NEW YORK (WSI) – La Federal Reserve ha reso noto che 17 delle 18 principali banche americane che sono state sottoposte agli stress test hanno superato l’esame; il che significa che tali istituti vengono considerati capaci di affrontare una profonda recessione e di conservare il livello del proprio capitale al di sopra di una soglia minima.
“Anche sotto presupposti punitivi, siamo in presenza di livelli di capitale superiori ai livelli minimi che sono stati fissati dalla Fed”, nel caso di quasi tutte le banche (a parte il caso di Ally Financial), “e questo è un segnale posivo per le condizioni di salute del sistema finanziario”, ha commentato in una intervista a Bloomberg R. Scott Siefers, managing director presso Sandler O’Neil & Partners, a New York.

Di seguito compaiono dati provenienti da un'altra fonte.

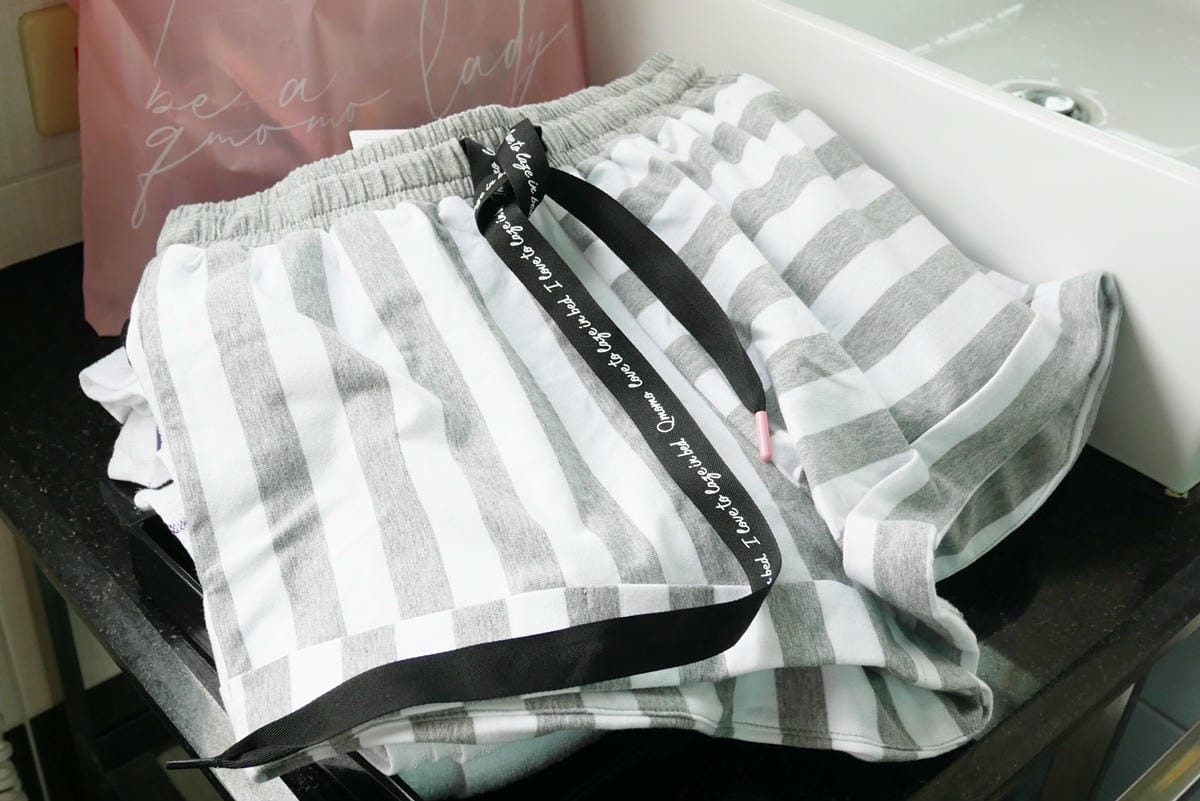 P1270249.JPG P1270249.JPG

I mercati sembrano essere d’altronde tranquilli riguardo ai colossi bancari Usa; basta guardare alla performance del KBW Bank Index – l’indice che rappresenta i titoli di 24 grandi banche americane, come JP Morgan, State Street e Capital One Financial – che è salito +9,7% dall’inizio dell’anno, a fronte del +8,3% dei guadagni dello S&P500.
Diversa la situazione nell’altra sponda dell’Oceano Atlantico. Osservate speciali sono le banche italiane, in particolar modo Unicredit e Intesa SanPaolo, le più grandi del sistema finanziario italiano.
Secondo un articolo di Bloomberg, i due istituti potrebbero arrancare nella crescita dei profitti e scontare il caos politico, che minaccia di aumentare i costi di finanziamento, peggiorare la contrazione economica e far salire i crediti inesigibili.
“Considerato il peggioramento del contesto economico e la pressione da parte della Banca d’Italia ad aumentare la copertura per i bad loan, ritengo che la redditività e la generazione di capitale delle banche italiane continueranno a deteriorarsi – commenta in una intervista a Bloomberg Jacopo Ceccatelli, socio di JC & Associati SIM, società di consulenza con sede a Milano – “L’incertezza politica potrebbe aumentare la pressione sulle banche, con l’aumento degli spread che condizionerebbe i costi di finanziamento degli istituti e il valore degli investimenti nei titoli dei debiti sovrani”.
Gli analisti stimano che, il prossimo 15 marzo, Unicredit potrebbe rendere nota una perdita netta, sofferta nel quarto trimestre del 2012, pari a 173 milioni di euro, dopo gli utili di 114 milioni di euro dello stesso periodo dell’anno precedente. Si prevede anche un aumento degli accantonamenti per le perdite di ben +48%, a 2,2 miliardi di euro.
Riguardo a Intesa, le previsioni degli analisti intervistati da Bloomberg sono di un rosso di bilancio su base trimestrale di 70,3 milioni di euro. Il risultato sarà comunicato il prossimo 12 marzo. Nessun commento è stato rilasciato da Unicredit e Intesa.
Intanto la situazione delle banche si commenta da sola guardando ai numeri resi noti da Bankitalia; nel mese di gennaio i prestiti al settore privato hanno registrato una contrazione del -1,6% su base annua (-0,9% a dicembre), mentre i prestiti alle famiglie sono scesi dello 0,6% su base annua (-0,5% a dicembre); quelli alle società non finanziarie del 2,8 (-2,2% a dicembre).
Bankitalia lancia l’allarme sul credito visto che, di fatto, si accentua la flessione dei prestiti sia verso le famiglie che verso le aziende, nonostante tutti i soldi che gli istituti hanno ricevuto dalla Bce. In particolare, la contrazione dei prestiti al settore privato è stata la peggiore da 14 mesi.